Other job titles for math majors include actuary, operations research analyst and math teacher. Both actuaries and operations research analysts fulfill analytical roles. Actuaries analyze risk and its financial consequences. Operations research analysts evaluate the quantitative data behind the entire operations of a company or organization, seeking out ways to improve business for the company. Math teachers educate students at the elementary school, middle school or high school level, teaching anything from basic arithmetic to Advanced Placement calculus courses. Math educators need to study teaching as well as mathematics, but different states have different requirements for attaining a teaching license or certification, especially for candidates who take an alternate route to achieve certification.
Rather than coming up with general answers about your mathematics strengths and experiences to discuss in an interview, consider how your background applies to the role you are interviewing for and show why you are a great choice for this particular job.
Play Up Your Skills
One of the best aspects of earning a degree in math is the breadth and versatility of the subject.
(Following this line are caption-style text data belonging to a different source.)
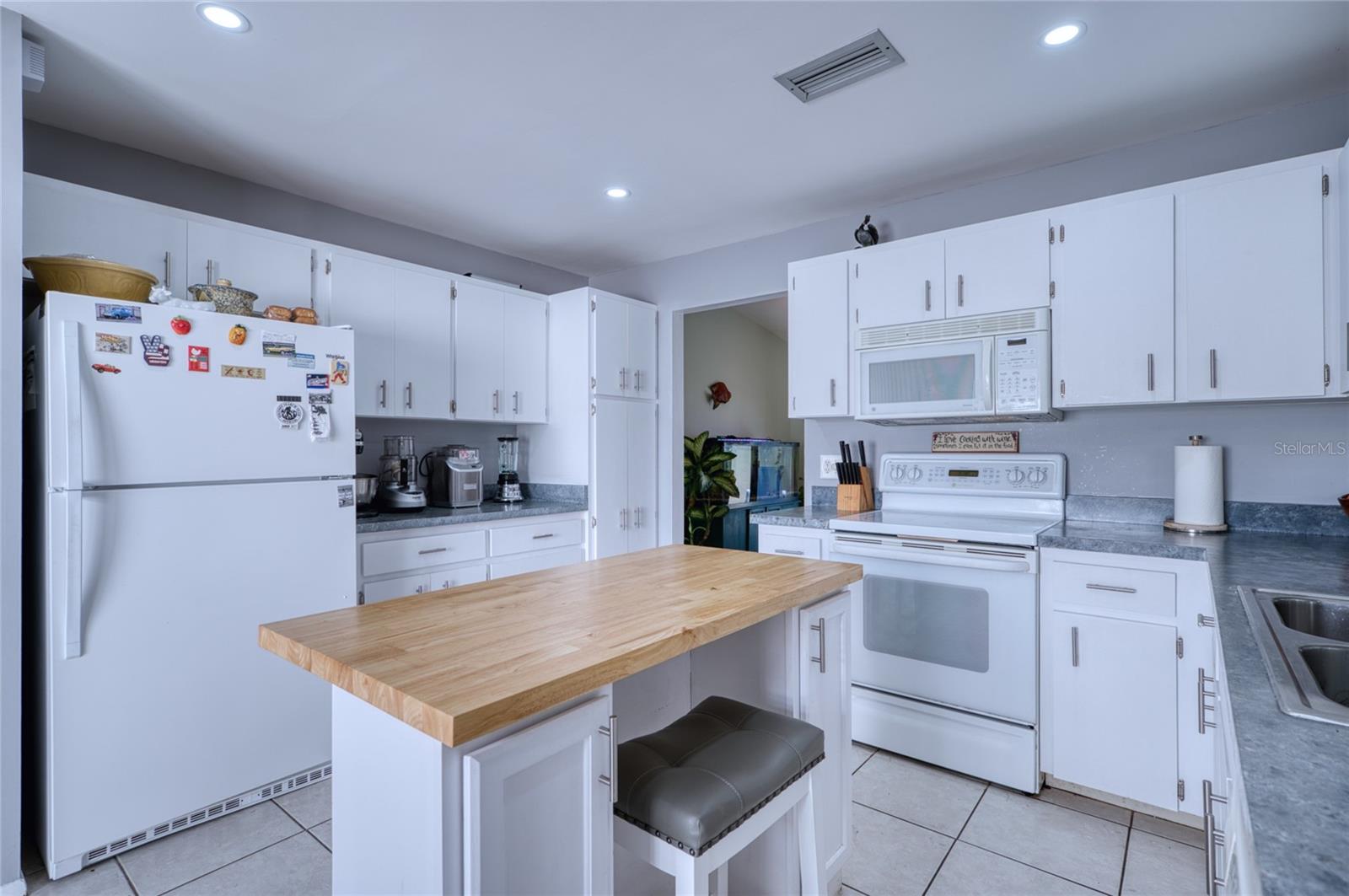 76 SANDSTONE CIR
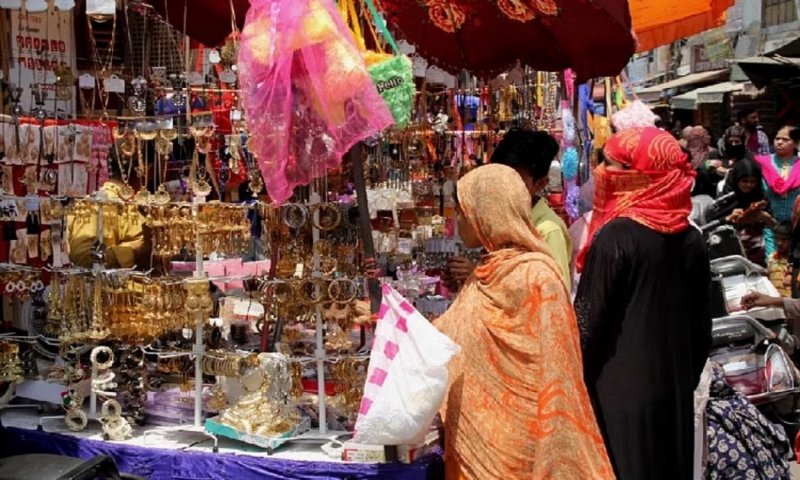 Lucknow Eid Shopping Markets: लखनऊ में ईद की शॉपिंग के लिए बेस्ट बाजार, यहां करें कम बजट में अच्छी शॉपिंग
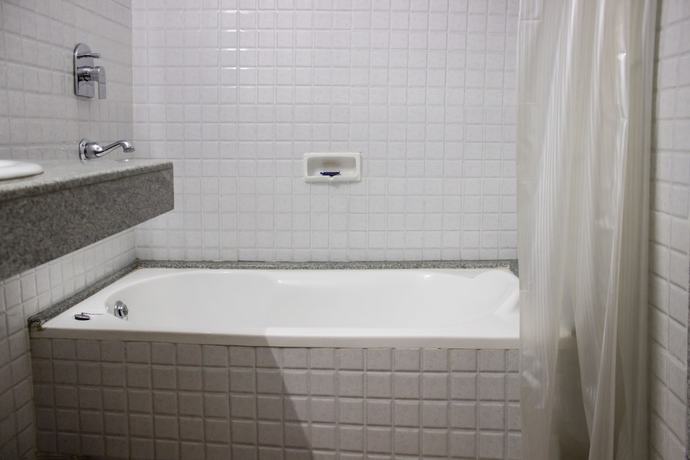 Imagen de la habitación del Hotel FabPrazeres Boutique PanajI. Foto 13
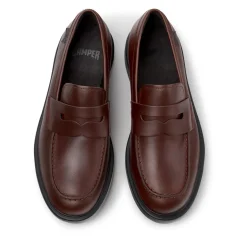 Camper Bei Dean, einem zeitlosen Unisex-Stil, trifft Trad burgund Schnürschuhe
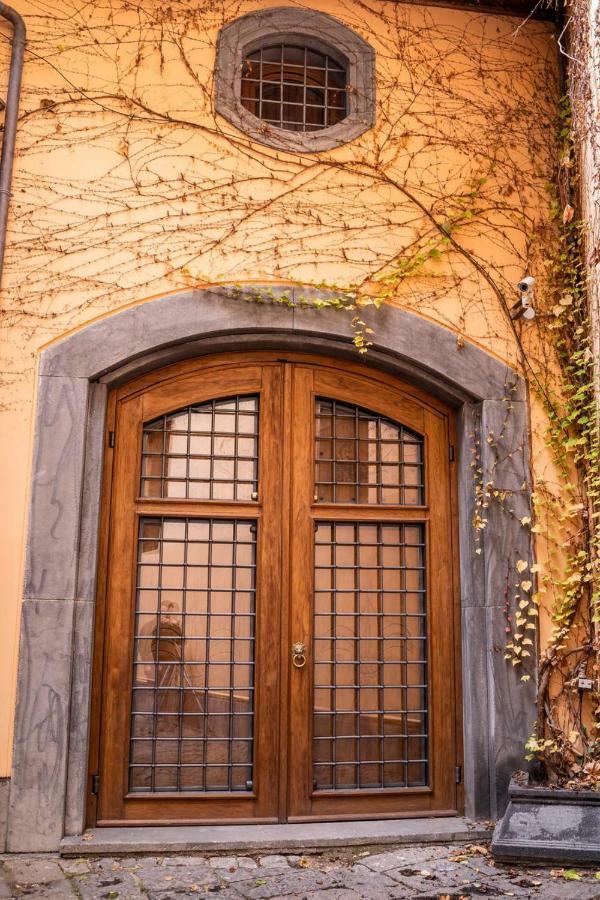 Suite Piazza Del Gesu By Domusextra Naples Exterior photo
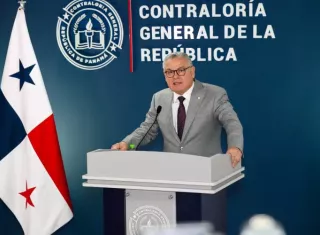 Contralor Anel Flores.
Unlike many other degrees – even math-related degrees, such as actuarial science and operations research – the curriculum of a math degree program does not revolve around getting one single type of job or passing a professional examination. Rather, it covers math subject matter – such as calculus, algebra and differential equations, the BLS reported – and a range of skills that you can use in many different careers.
Studying math can help you acquire skills such as quantitative reasoning and logical, analytical thinking, critical thinking and problem-solving. Employers in a wide array of industries respect the difficult nature of a college mathematics curriculum and value the skills graduates from such a program possess. The types of jobs you can do with mathematics degree are almost endless, including roles encrypting data sent over the Internet, streamlining technology used for entertainment purposes and compiling and analyzing the statistics of professional athletes.
Instead of worrying that your math background isn’t as relevant as another candidate’s narrower major, approach the interview with confidence. Tell your interviewer what skills you learned from studying math and how you have or would apply them in your work.
Know Your Worth
Math-related jobs often pay high salaries. The median wage for mathematicians is $103,010, according to the BLS. Actuaries also earn a six-figure median salary, $101,560, and operations research analysts make a median wage of $81,390.
Of course, new graduates of a math degree program can’t realistically expect to command these high salaries right off the bat. Entry-level wages for math majors often begin at around $50,800 for mathematicians, $49,300 for statisticians, $45,000 to $56,100 for actuaries, $48,500 for economists and $49,000 for computer information systems specialists.
Other factors besides how recently you finished school can play a role in your financial worth as an employee. Having a master’s degree in math, for example, can open up new career opportunities or increase your salary potential.